That was on the weather channel right before noon. I think the snow out west will be coming in ahead of this one.


----------



## tiredretired

Predicting more wind than rain up here for the present time.  Watching this one real close.  Don't need another friggin Irene that's for sure.  

I picked up another generator yesterday as a backup.


----------



## Kane

If Sandy goes a bit south of NYC, it's gonna' be a mess in Manhattan.  Will it be an excuse for Obama to declare marshall law and postpone the election?


----------



## bczoom

Was just watching TWC and the current forecast has W. PA getting 6" of rain.  I'm going to go out and clean the ground drains (already did the gutters) and fire up the gensets.

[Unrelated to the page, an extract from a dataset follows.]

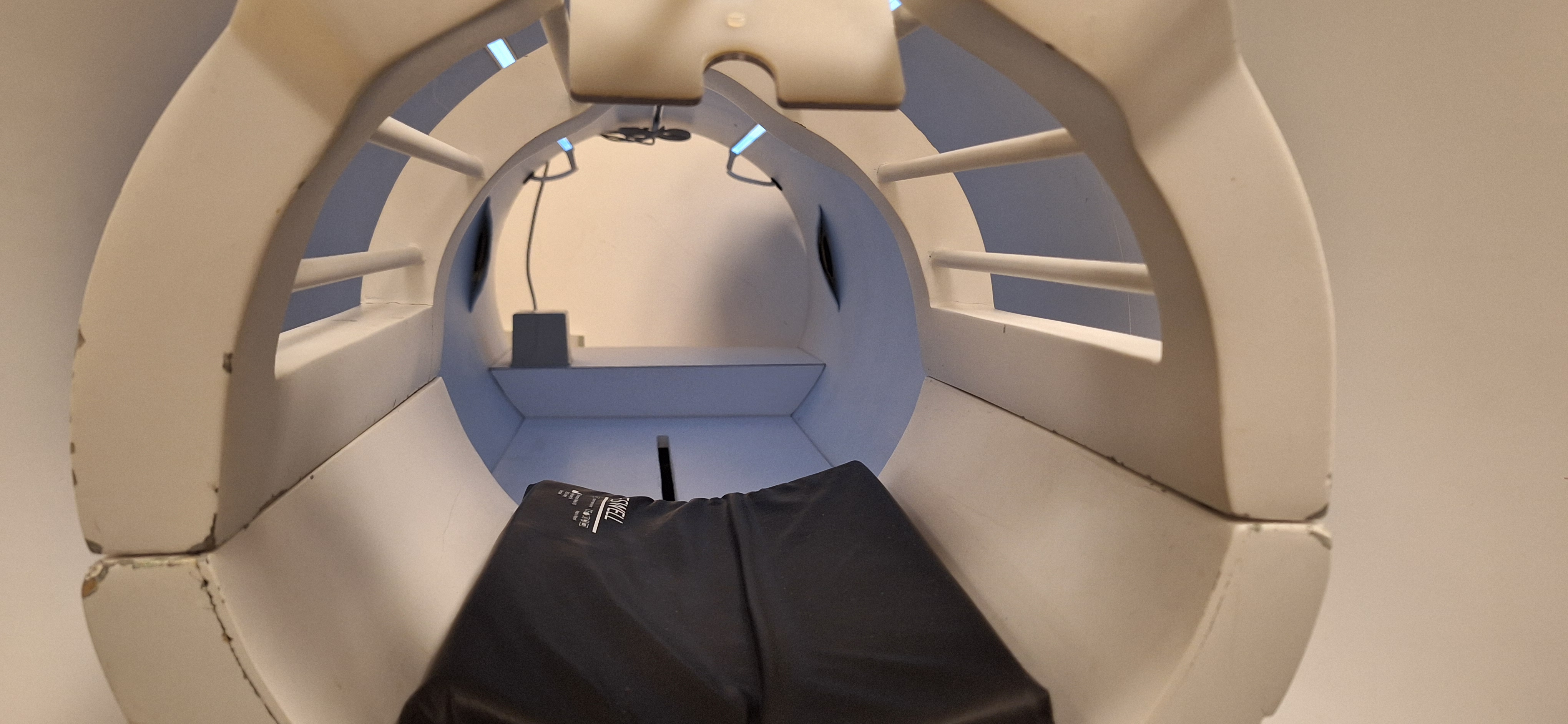 A look down the bore through the head coil.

Snow should be to our South.  WV and maybe Washington county in PA.


----------



## Doc

Dang, the winds and rains are supposed to get us to.  I took our houseboat out of the water last weekend, thank goodness but the boat club has Nov 3rd scheduled for dock removal day.  Lots of docks to take out.   We could handle the rain here but if yous guys in PA get 6 inches in the Pittsburgh area that will all come right down the Ohio river and will probably be affecting our water level and  river current so that removing docks will be a challenge.    Should be interesting to say the least.
BC, my gutters could stand a cleaning, what do ya say?   Come on down.   (I'll give ya a pen.)


----------



## muleman RIP

They are saying Virginia and WV will get hammered in the mountain areas. Jim S may need a shovel crew. The wild part is that is the area that got hit hard last year at this same time. When I got Bobcat's truck there were branches and trees down everywhere.


----------



## bczoom

Doc said:


> BC, my gutters could stand a cleaning, what do ya say?   Come on down.   (I'll give ya a pen.)


A pen to clean gutters? 

I put a ladder to the roof and climb up with my backpack blower.  Walk the edge of the roof and the leaf blower rips through everything in the gutters.  Each building has over 100' of gutter and including getting up and down the ladder it didn't take more then 3-4 minutes per building.

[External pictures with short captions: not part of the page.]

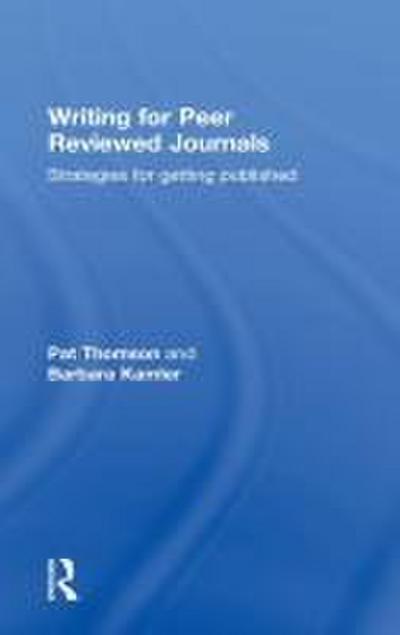 Writing for Peer Reviewed Journals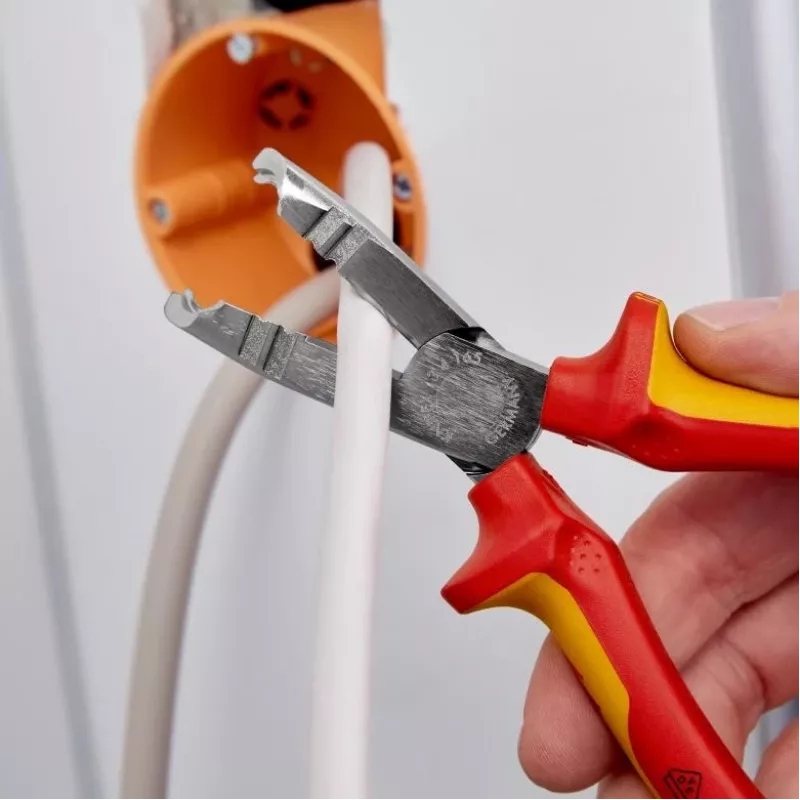 Alicate de descarnar Knipex 13 46 165 vermelho, amarelo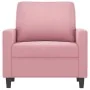 Sillón de terciopelo rosa 60 cm by , Sofas - Ref: Foro24-359182, Price: 165,21 €, Discount: %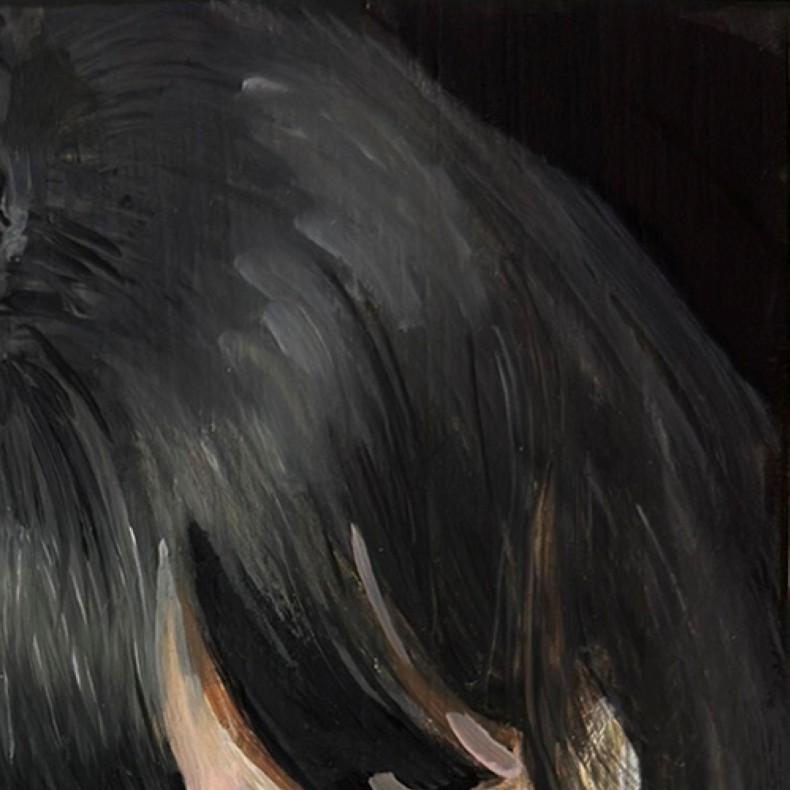 „Last Nights Dream“ (2024) von Fikriye Oz, Original-Ölgemälde, weibliches Porträt im Angebot 7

Fired up 4 gensets and all ran fine.  Ground drains are cleared.  Now I'm taking the kids to the basement to clean up their crap so I have clear paths to the electric panel and such.


----------



## Big Dog

Melensdad said:


> I heard the Democrats are suing the National Weather Service for sending a hurricane up the east coast during the early voting period.



No, they're thanking Sandy for keeping Benghazi out of the news!


----------



## muleman RIP

It is supposed to dump a LOT of snow on the hills of WV. Still saying all rain up here.


----------



## pirate_girl

Melensdad said:


> I heard the Democrats are suing the National Weather Service for sending a hurricane up the east coast during the early voting period.





Big Dog said:


> No, they're thanking Sandy for keeping Benghazi out of the news!


----------



## tommu56

I made the 400 mile round trip for generators and gas cans 
tied all the porch stuff down the basement is getting cleaned just in case.

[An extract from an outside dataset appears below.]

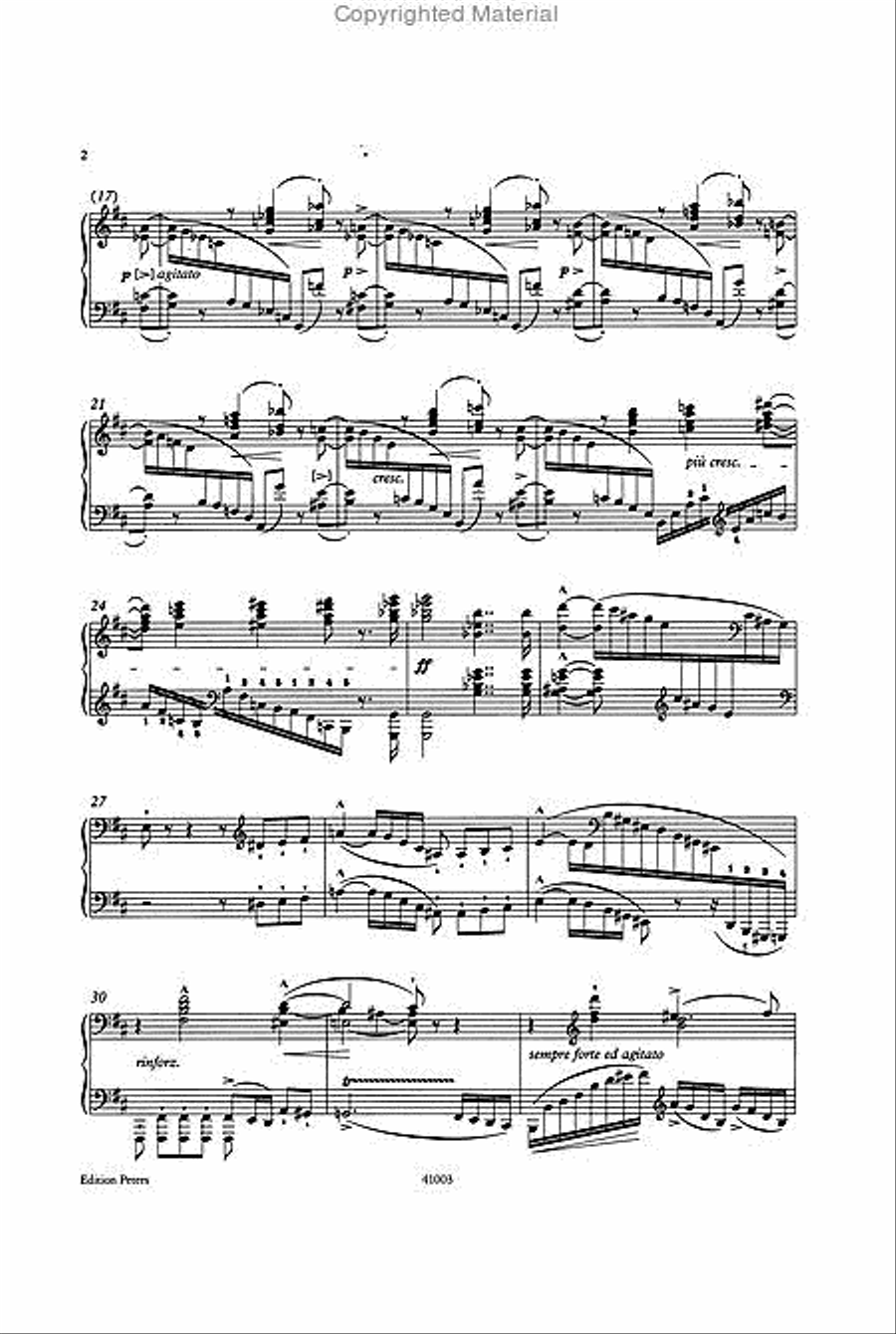 Piano Sonata in B minor Piano Solo scores gallery preview page 3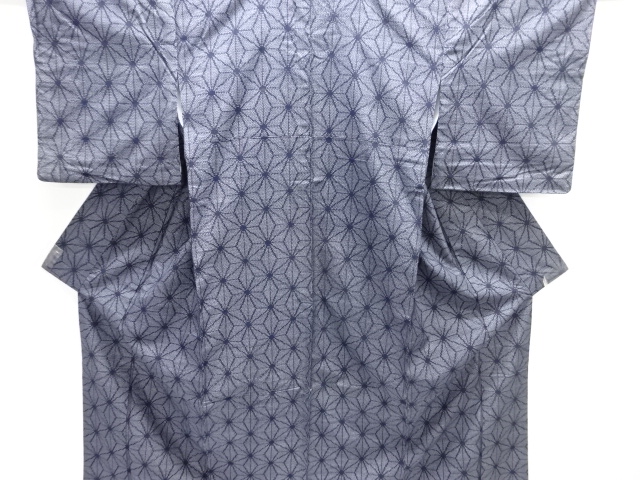 JAPANESE KIMONO / ANTIQUE KIMONO / SILK / TOKAMACHI TSUMUGI / WOVEN ASANOHA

I hope Muleman gets all the trees off the road to the cabin.
We will be up in 2 weeks it will give you some time to clean it up!

tom


----------



## muleman RIP

Heck, you better hope they don't wash out. I know the new gasline close to here will. As for the trees I don't think it will be that bad. They keep changing our forecast temps and the snow is now off the forecast. All subject to change. Like a woman. We have an old friend for many years who's name is Sandy....May have to call her tomorrow.


----------



## Cowboy

Its sure not looking good for most of you on the East coast and inland even further.   All I can say is take heed of the warnings and stay safe, our thoughts and prayers are with all of you.


----------



## muleman RIP

Latest path shows the center of the storm coming right over us. And now the snow is back in the forecast. Good time to load the boiler and stay inside.


----------



## squerly

My side of NC is predicting snow tomorrow.


----------



## muleman RIP

Well the wind sure has arrived. We are getting gusts over 45 mph and it is driving the rain hard against the patio doors. Leaves are flying around from the few trees that still had some. The real heavy rain is still a few hours away.


----------



## luvs

went to 'da bar & we spent quite a few chit-chatting over this weather. the storm- it's closin' in soon, here. i'm so shivery, & the leaves cannot decide whether to gather 'er gutter. 
they're prepped, there. i've food, drinks, litter, t.p., soaps, & quite a few gallons of h2o. gettin' my phones prepped, then usin' them as i see fit. 
they postponed trick-'er-treat until nov. 3rd.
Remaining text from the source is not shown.